Panel 4: Hinweisgebersysteme und Hinweisgeberschutz – was haben wir, was brauchen wir?
Das vierte Panel moderierte Dr. Anna-Maija Mertens, Geschäftsführerin, Transparency International Deutschland e.V.
Kyrill Farbmann LL.M., European Compliance Director bei McDonald’s, begann mit einem Fallvortrag, in dem er die Bedeutung des Vertrauensverhältnisses zum Hinweisgeber und dessen Schutz besonders herausstellte. Gleichzeitig sei die Aufklärung über das Bestehen eines Hinweisgebersystems im Unternehmen entscheidend für dessen Inanspruchnahme.
Einen Einblick in die Praxis der Staatsanwaltschaft zu dem Umgang mit Hinweisgebern bot Hildegard Wolff, Oberstaatsanwältin, Leiterin der Zentralstelle für Korruptionsstrafsachen bei der Staatsanwaltschaft Braunschweig, die ebenfalls auf die Wichtigkeit des Vertrauensverhältnisses zu dem Hinweisgeber bei der Ermittlung verwies, sowie unterstrich, dass die Nachverfolgung auf Grundlage eines ausreichenden Anfangsverdachts von der Qualität des jeweiligen Hinweises abhänge. Dabei sei der Beschuldigtenstatus problematisch und eine Kronzeugenregelung zum Schutz des Hinweisgebers wünschenswert.

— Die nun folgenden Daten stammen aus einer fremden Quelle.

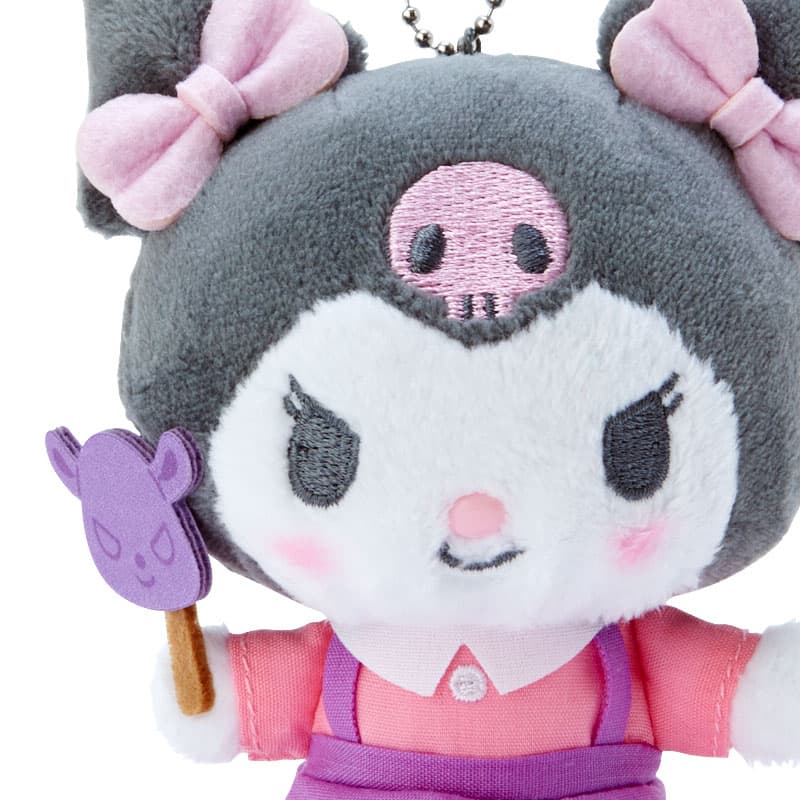 Мягкая игрушка Sanrio 13cm - изображение 4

Anschließend erläuterte Dr. Daniel Bornhöfer, Referent im Bundesministerium für Justiz und Verbraucherschutz, die EU-Richtlinie zum Schutz von Whistleblowern, die den Schutz vor Nachteilen eines Jeden beabsichtigt, der auf einen Rechtsverstoß hinwiese. Die Ratio der Richtlinie ist die Aufdeckung jedes Rechtsverstoßes, sodass der Schutz sich nicht ausschließlich auf anonyme Hinweisgeber beschränke.
Schlusswort
Das Schlusswort hielt Erwin Schwärzer, Leiter der Unterabteilung I – Digitale Gesellschaft und Informationstechnik – im Bundesministerium des Innern, für Bau und Heimat, der das Compliance- und Integritätsmanagement in der öffentlichen Verwaltung als eine gesamtgesellschaftliche Aufgabe sehe, und damit die Bedeutsamkeit des Austausches zwischen Wissenschaft, Privatwirtschaft und öffentlicher Verwaltung im Rahmen der Tagung unterstrich.